Saya sering berkata, dan itu sebuah kebenaran .. Bahwa tanpa dia, mungkin saya tidak akan pernah menjadi wanita seperti ini.

Wanita kedua yang saya cintai mengajarkan saya tentang cinta yang berbagi. Cinta yang bersanding sempurna dengan luka, yang mengguncangkan batas antara benar dan salah, yang mengaburkan ilusi dan kenyataan.
Cinta yang kami punya serupa warna merah darah, cinta yang penuh kegilaan, persetubuhan yang tak pernah usai, pesta pora dan kemabukan.
Bersama dia saya tumbuh menjadi seseorang yang tak kenal lelah. Berusaha meruntuhkan satu demi satu tembok, menghajar setiap rintangan sampai hati babak belur tidak karuan.
Tidak pernah ada kata biasa jika bicara tentang dia. Karena dia tidak pernah abu-abu. Dia bisa mencintai dan menyakiti kamu dengan cara yang sama pintarnya. Membuatmu merasa berharga dan tidak berharga pada saat yang bersamaan. Seperti orgasme yang tak pernah usai, cintanya menjadi candu.

Wanita yang saya cintai saat ini adalah wanita sederhana yang menyentuh saya dengan caranya yang luar biasa. Saya bahkan tidak punya cukup kata untuk menggambarkan dia. Dia begitu unik sekaligus membumi.
Mungkin Tuhan menciptakan dia seperti nila, gabungan dari begitu banyak spektrum warna.

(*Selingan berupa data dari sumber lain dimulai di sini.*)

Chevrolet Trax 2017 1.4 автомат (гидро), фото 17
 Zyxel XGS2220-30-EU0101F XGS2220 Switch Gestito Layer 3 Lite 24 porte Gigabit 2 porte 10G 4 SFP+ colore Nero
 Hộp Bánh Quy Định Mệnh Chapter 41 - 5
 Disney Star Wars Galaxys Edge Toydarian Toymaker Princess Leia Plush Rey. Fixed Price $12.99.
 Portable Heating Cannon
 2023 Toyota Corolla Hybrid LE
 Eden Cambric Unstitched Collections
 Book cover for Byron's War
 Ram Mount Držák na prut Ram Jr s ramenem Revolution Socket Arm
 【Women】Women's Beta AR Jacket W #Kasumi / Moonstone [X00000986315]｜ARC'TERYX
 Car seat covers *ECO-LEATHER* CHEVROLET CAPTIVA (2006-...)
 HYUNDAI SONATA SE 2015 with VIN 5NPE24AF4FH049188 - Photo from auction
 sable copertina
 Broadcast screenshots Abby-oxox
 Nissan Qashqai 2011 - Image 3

Kadang ada sisi biru yang keluar, sisi yang membuat saya ingin memeluk setiap lukanya. Kadang jingga yang hadir, indah.. Seperti senja. Tapi lebih sering kuning yang dominan. Seperti bunga matahari di ladang, berdiri menantang matahari.

Saya mungkin tidak mencintai dia dengan cara yang sama seperti saya mencintai dua wanita saya yang lain. Karena banyak hal sudah berbeda, dan saya bukan lagi wanita naif yang punya cinta bewarna putih atau si gila yang haus oleh gairah.

Mungkin cinta saya tidak lagi membadai dan meledak-ledak serupa dinamit, tapi ada rintik gerimis yang tak pernah berhenti turun untuk dia.
Dan setiap pagi, saya mendapati bahwa saya jatuh cinta lebih dalam lagi pada dia.
Saya mencintai dia dengan cinta yang lebih sederhana, dan moga-moga lebih dewasa.

Saya bersyukur untuk kekasih pertama saya, tanpa dia saya tidak akan pernah tahu nilai-nilai yang membuat saya menjadi lebih baik. Ataupun untuk dia yang kedua, yang mengajarkan saya untuk tidak mengkhianati diri saya.
Dan yang pasti tanpa mereka, saya tidak akan pernah bisa menghargai wanita yang bersama saya saat ini.
Untuk itu, saya harus berterima kasih pada luka yang mendewasakan hidup saya.